A candid conversation. Aidy Bryant got honest about her relationship with the word “fat” and how her own journey shaped her show Shrill.
“It is a descriptor and, like, I am fat,” Bryant, 33, told the Washington Post on Thursday, April 30. “To me, it’s like taking the power out of it. It doesn’t have to be so loaded. It’s just true, and sitting with that, it makes it easier for me. It just feels a little less frightening.”
Inspired by her own experiences with doctors, the Shrill writer and star included a similar scene in the opening of the show’s third season in which Bryant’s character, Annie Easton, sees a physician who recommends gastric bypass surgery to lose weight.
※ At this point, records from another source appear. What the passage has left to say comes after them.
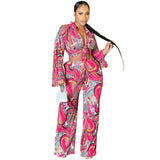 Women Fashion Print Sheer Mesh 3 Piece Sets , Long Sleeve Shirt + Bra Top + Wide Leg Pants Casual Suit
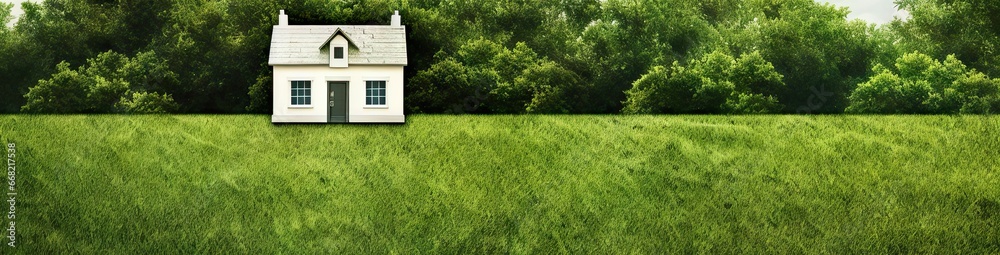 Green grass and blue sky. Beautiful nature backdrop. Sweet home. Lush green lawn surrounding house. Gardening paradise. Summertime haven with fresh Green grass and blue sky. Beautiful nature backdrop. Sweet home. Lush green lawn surrounding house. Gardening paradise. Summertime haven with fresh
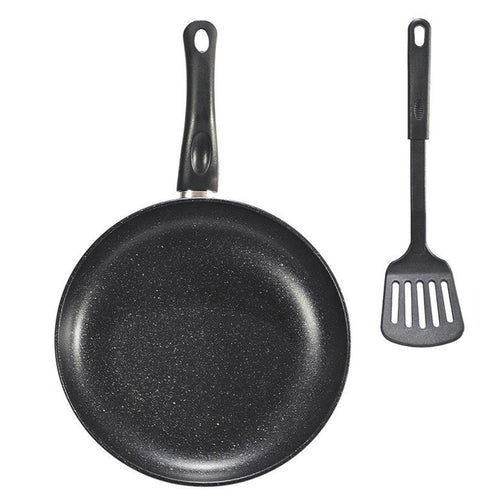 Set 2pz Padella Antiaderente ⌀28cm Con Pala Spatola Forata Manico Antiscottatura Pfoa Free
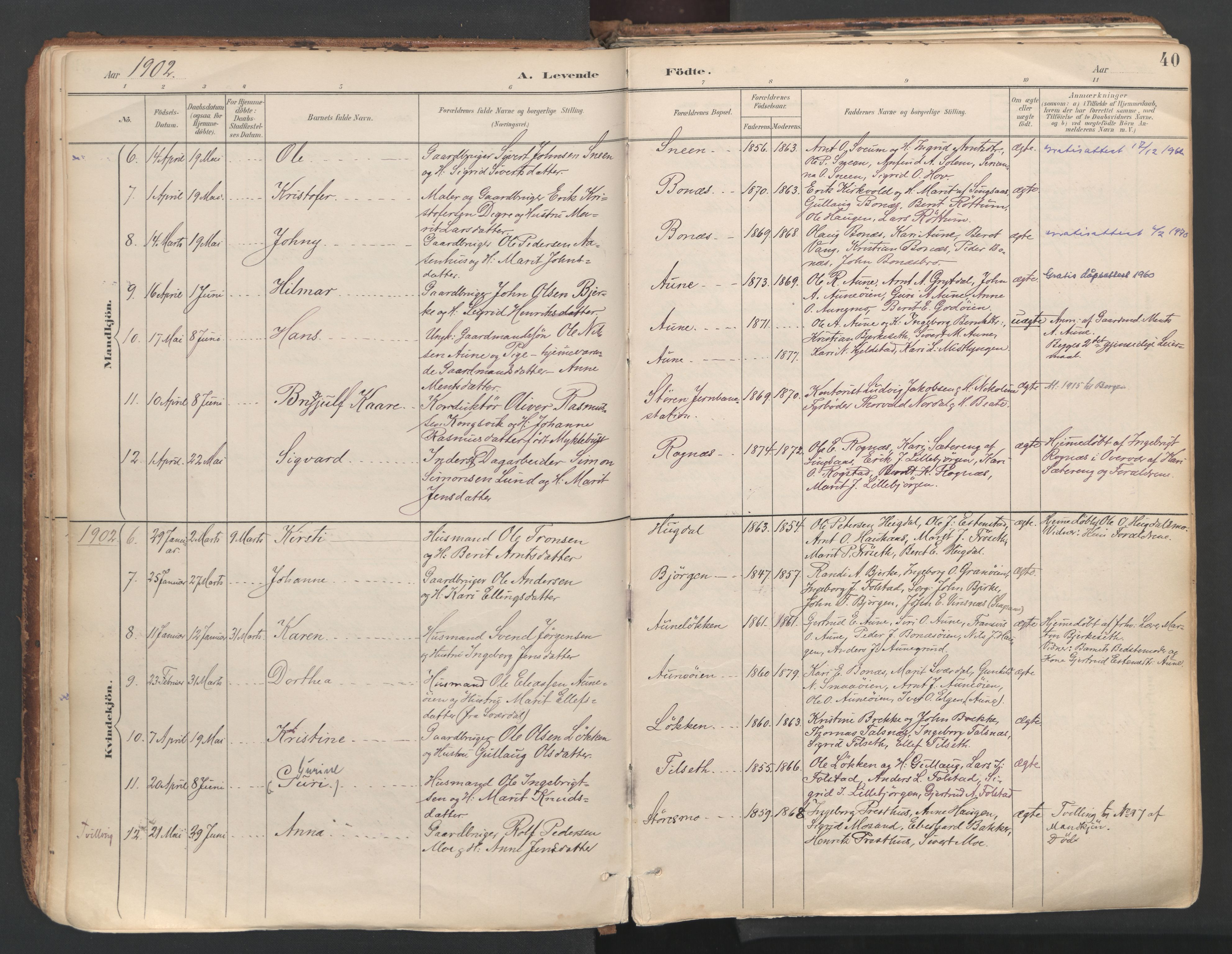 Ministerialprotokoller, klokkerbøker og fødselsregistre - Sør-Trøndelag, SAT/A-1456/687/L1004: Parish register (official) no. 687A10, 1891-1923, p. 40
“Their assumption is that I have that as a goal, and just by looking at me, they assume that’s the reason I’m there at the doctor’s office,” the comedian explained. “And there’s an assumption that if you’re fat, you’ve given up on yourself. And it’s like, I exercise all the time. I don’t eat doughnuts for breakfast, lunch and dinner.”
“I can think of about a million examples, and I won’t name names, where sex between a plus-sized woman and a man is represented by her jumping on him and then he falls over,” Bryant said about trying to avoid outdated tropes about weight and sex on the show. “That’s a classic. And there’s something so demeaning and devastating about that to me. It feels like trying to joke it away rather than sincerely finding an actual funny moment. In a normal sex scene between two normal-sized people, you could still find comedy in that. And I think our show does.”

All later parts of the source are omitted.